# Accounting for purchase on VAT3 where non-Irish VAT paid



## Indigo (16 Jul 2022)

I purchased goods from Germany for my business, but I believe the company are mainly a retail outlet, so rather than take my VAT number and zero rate the purchase, they charged VAT at the German rate and supplied a VAT invoice. I understand I can reclaim that VAT through the EVR, but that’s not my issue.

How do I account for this on my VAT3 return? I know I include the ex-vat value in the E2 ‘total goods from other EU countries’ box. If the VAT had been zero rated, I’d have self-accounted for VAT at the Irish rate in T1 and reclaimed it in T2. Do I do that anyway, even though I’ve paid VAT for the purchase in another country? Or do I just include it in the E2 box?

If anyone has any insight, I'd appreciate it, as any example I’ve found only covers the zero-rated scenario. Thanks.


----------



## jpd (16 Jul 2022)

The German retailer was wrong to charge VAT.
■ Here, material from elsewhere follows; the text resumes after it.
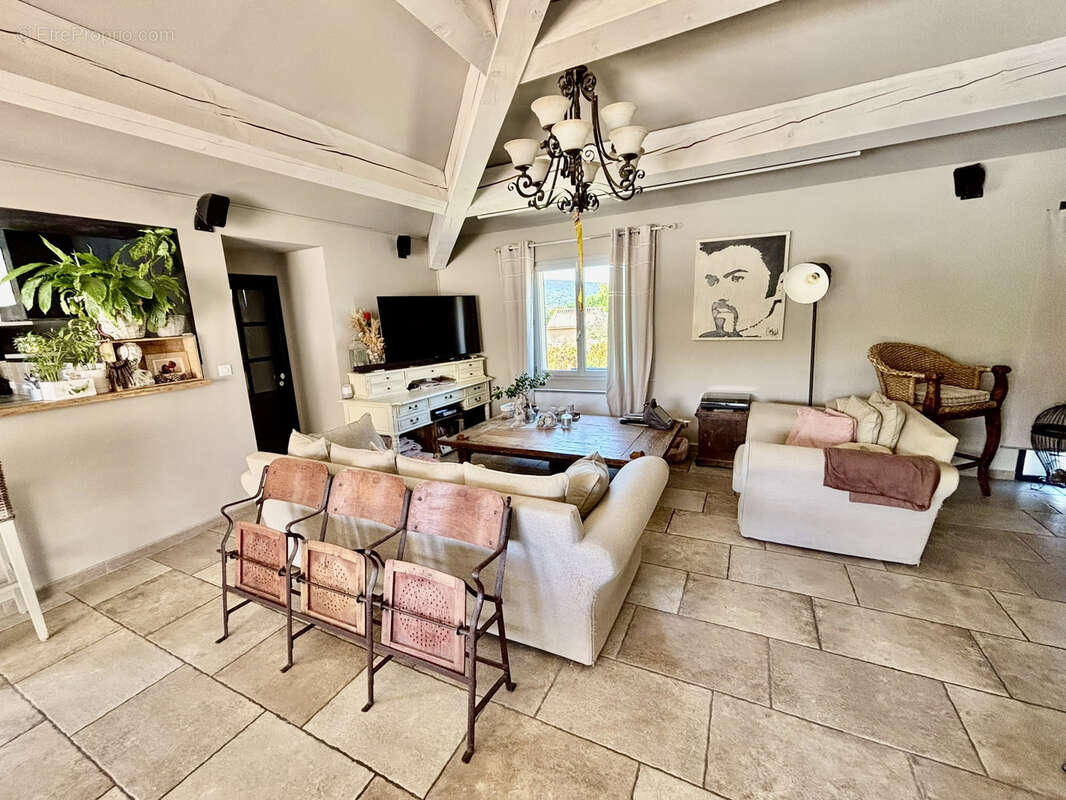 Commerce à MALAUCENE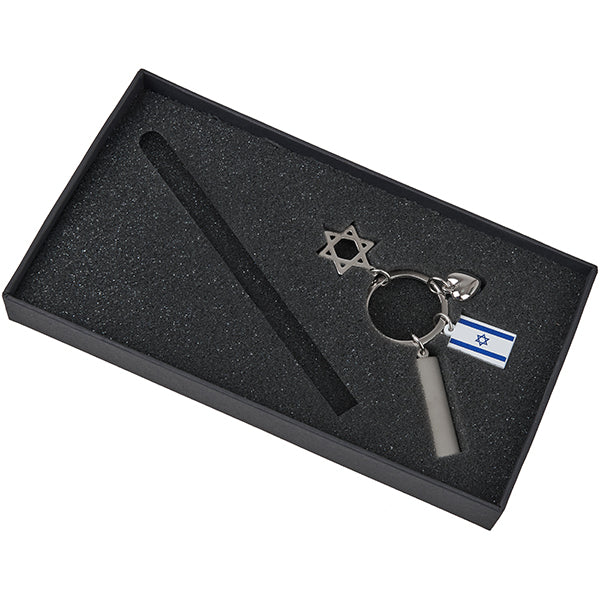 מארז מחזיק מפתחות לב + מגן דוד + דגל ישראל + לוחית + מקום לעט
The EVR refers to foreign traders recovering Irish VAT they were charged incorrectly

If you paid VAT on your imports from Germany when you should not have, then you will have to claim it back from the Germans not the Revenue

The VAT you paid is not a deductible as far as I know


----------



## newirishman (16 Jul 2022)

Of course he can claim the tax back Via Irish Revenue,

check this: https://www.revenue.ie/en/online-se...s/irish-vat-registered-traders-eu-states.aspx

EVR section in ROS. That’s exactly what EVR is for.


----------



## jpd (16 Jul 2022)

My mistake - the Revenue forward the claim on to the German authorities who will refund the VAT paid


----------